Cette enquete est issue du numero 231 de Trax Magazine, toujours accessible en kiosques et sur le store Sur les forums.
C’est une autre epoque. Celle des soirees sans fin et des nuits trop courtes. Celle des retours au petit matin, bras dessus, bras dessous, apres avoir danse toute la nuit au milieu une foule. Celle que l’on resume desormais avec nostalgie par l’appellation de « envie d’une application de rencontre catholique monde d’avant », comme si ces moments de joie ainsi que fete avaient a jamais disparu. Ce jour-la, nous sommes le 11 aout 2019, a une periode de l’annee ou la capitale se vide generalement de ses habitants. Apres trois nuits de fete endiablee a la Station – Gare des Mines, le festival Qui Embrouille Qui cloture son edition 2019 dans un baroud d’honneur sur la piste de Dehors Brut, avec une serie de DJ sets intenses par Soul Edifice, Yasmeen, Diggin Speakrine, AZF et beaucoup d’autres. Sur le dancefloor, l’ambiance reste bouillante et un tantinet partout, on peut apercevoir des danseurs·euses portant fierement des T-shirts trempes de sueur, sigles du logo du collectif parisien. Derriere les platines, bon nombre de artistes ont accepte de jouer Afin de des cachets derisoires, car ce soir, c’est ici qu’il faut etre.
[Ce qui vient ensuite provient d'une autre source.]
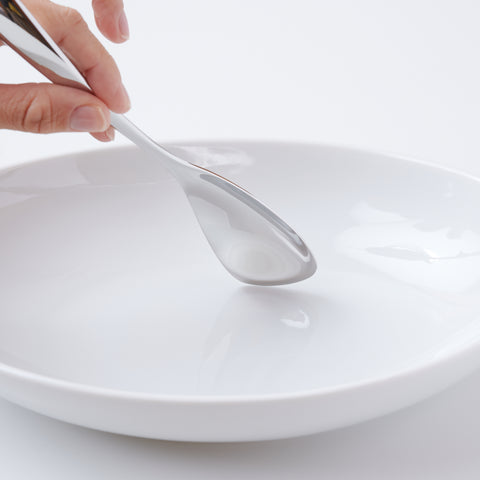 Left-handed stainless steel spoon for curry and rice, polished finish, photographed on white background.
En deux annees, Qui Embrouille Qui a reussi a s’installer dans le paysage en nuit hexagonale tel votre collectif essentiel et capable de faire bouger les lignes, rassembler les chapelles d’une musique electronique et d’imposer une esthetique nouvelle a la fete. Cree par AZF et Pasteur Charles en 2017, a une epoque ou l’homogeneite house/techno etait bien la norme au sein des soirees de la capitale, Qui Embrouille qui possi?de su federer en melangeant sans aucune retenue le DIY du punk, le discours abrasif du rap francais et les rythmiques musclees d’une techno. Une esthetique tranchante et d’autant plus marquee qu’elle reste enrobee via une imagerie batailleuse, tirant ses references au hooliganisme ou dans les images des black blocs, regulierement montres du doigt avec des medias de l’epoque a cause de leurs actions coup de poing lors des manifestations contre la loi Travail.
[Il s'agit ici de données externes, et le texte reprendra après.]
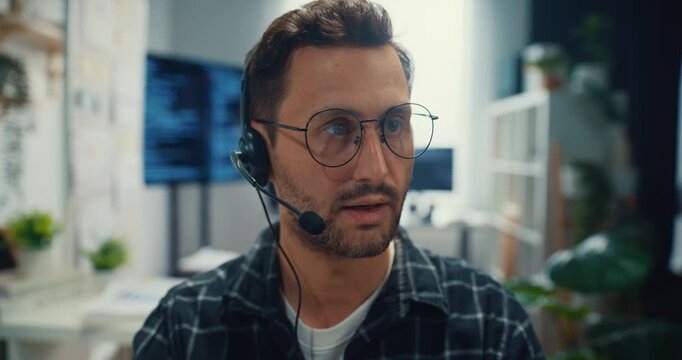 Young Caucasian male technical support specialist wearing headset speaks on computer at office. Professional call center help desk, Cyber security operator service, Online client consultation concept.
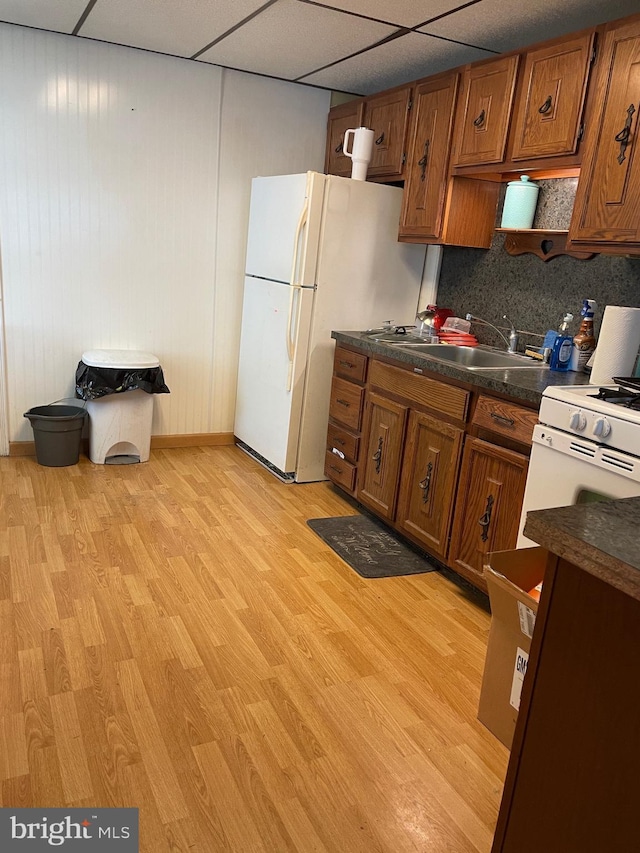 kitchen featuring a drop ceiling, light hardwood / wood-style floors, decorative backsplash, and sink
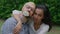 A young international couple in love sitting on the grass, the man holding a flower in his teeth and looking directly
« A Paris, la musique electronique a trop un certain temps rime avec fame. J’en ai fera part au debut, avec les fi?tes au Social Club et tout ca, et j’ai compris que ca ne me ressemblait jamais. Ton Instagram compte plus que le disque que tu vas jouer ? Serrer les bonnes mains compte plus que le set que tu vas faire ? On ne vient aucune la », annoncait AZF, en guise de manifeste dans les pages de Trax au mois de mars 2018. J’ai DJ faisait alors la couverture et le collectif avait bien d’un superbe doigt d’honneur adresse a toutes les instances un brin trop ronronnantes d’une nuit parisienne. L’underground francais avait deniche ses nouveaux porte-drapeaux et partout en France, on revait de pouvoir un jour participer a toutes les soirees furieuses du crew le plus cool de l’instant.
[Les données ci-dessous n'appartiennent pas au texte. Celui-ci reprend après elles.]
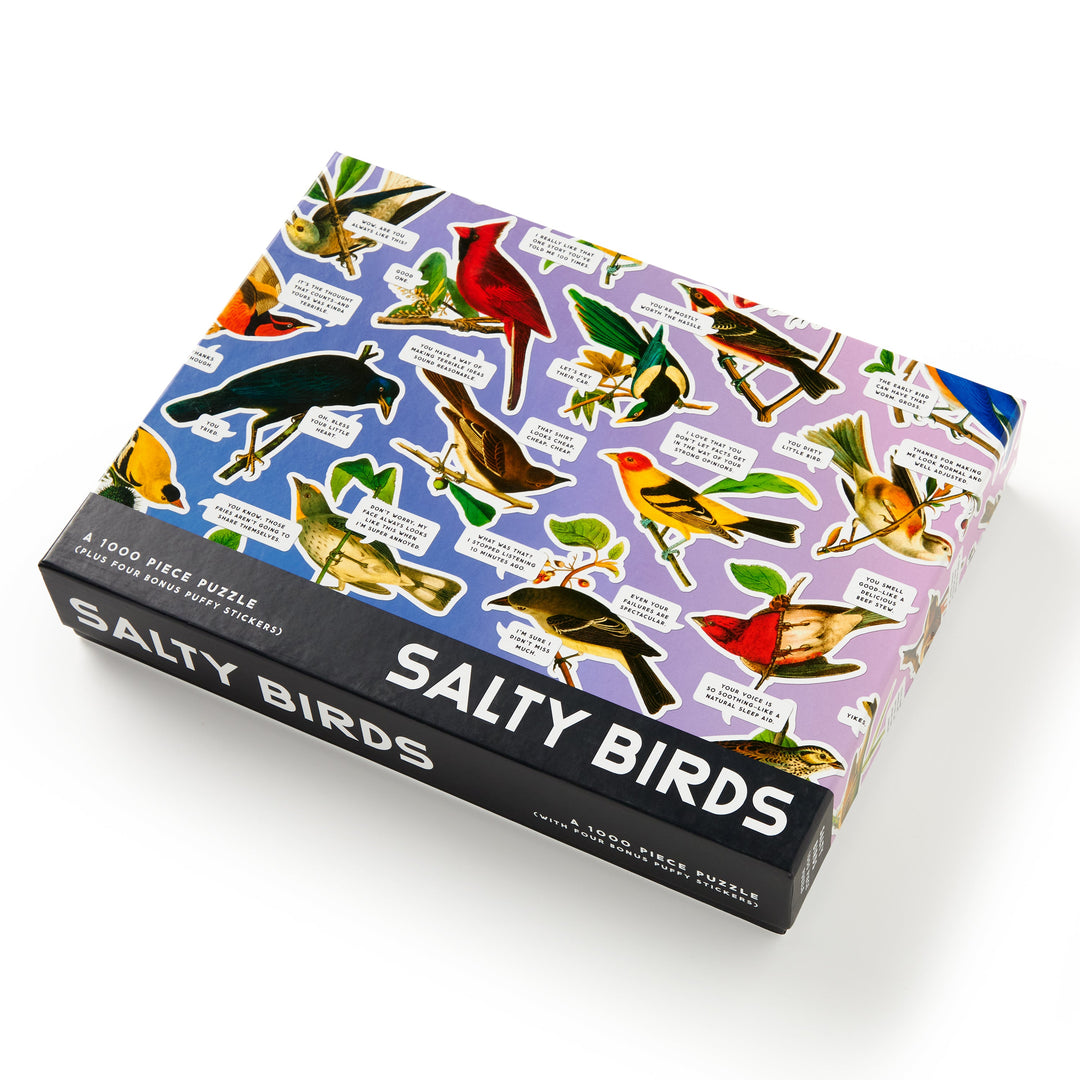The Brass Monkey Salty Birds 1000 Piece Puzzle for adults features a vibrant bird collage with witty captions on a purple background.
Couverture de Trax en mars 2018
Tempete i propos des reseaux sociaux
Un tantinet plus de huit mois apres le troisieme et dernier festival Qui Embrouille Qui, les choses etaient pourtant fort diverses. Le club Dehors Brut, ou se tenait la soiree de cloture, a decide de fermer boutique tandis qu’en parallele, sous l’effet d’une pandemie de Covid-19, l’integralite des discotheques francaises lui emboitait le jamais pour une duree malheureusement forcement indeterminee. Dans ce contexte sinistre, juste apres un premier confinement qui semblait avoir laisse aux uns et aux autres le temps de reflechir, le collectif Qui Embrouille Qui publiait un long communique, le 18 mai 2020 sur le compte Facebook : « C’est apres une longue periode de reflexion que nous vous adressons ce message, car votre transparence reste plus que pas necessaire afin d’effectuer evoluer la situation dans les milieux. Nous decidons de rompre le silence sur des themes consequents, et esperons de tout c?ur que cette prise de parole en invitera d’autres. La peur et la honte doivent changer de camp. Notre collectif fut ebranle, ils font deux mois, en apprenant qu’un de les membres, Puzupuzu, avait commis des actes graves incluant diverses victimes. Il fut condamne par la justice en premiere instance. Cet episode nous a tou.te.s bouleverse.e.s : nous avons realise a quel point ces violences etaient presentes au coeur meme de les communautes, jusqu’au c?ur de notre propre collectif, et votre, malgre les valeurs qui l’animent avec forcement. Nous avons debattu un certain temps sur la maniere de traiter ces renseignements. Les victimes demandant a ne pas etre exposees, nous l’avons silencieusement fera disparaitre de les canaux de communication, comme l’ont fait tous les autres acteurs de une scene. Nous sommes des premiers coupables de cette spirale du silence qui a dure bon nombre trop un moment. »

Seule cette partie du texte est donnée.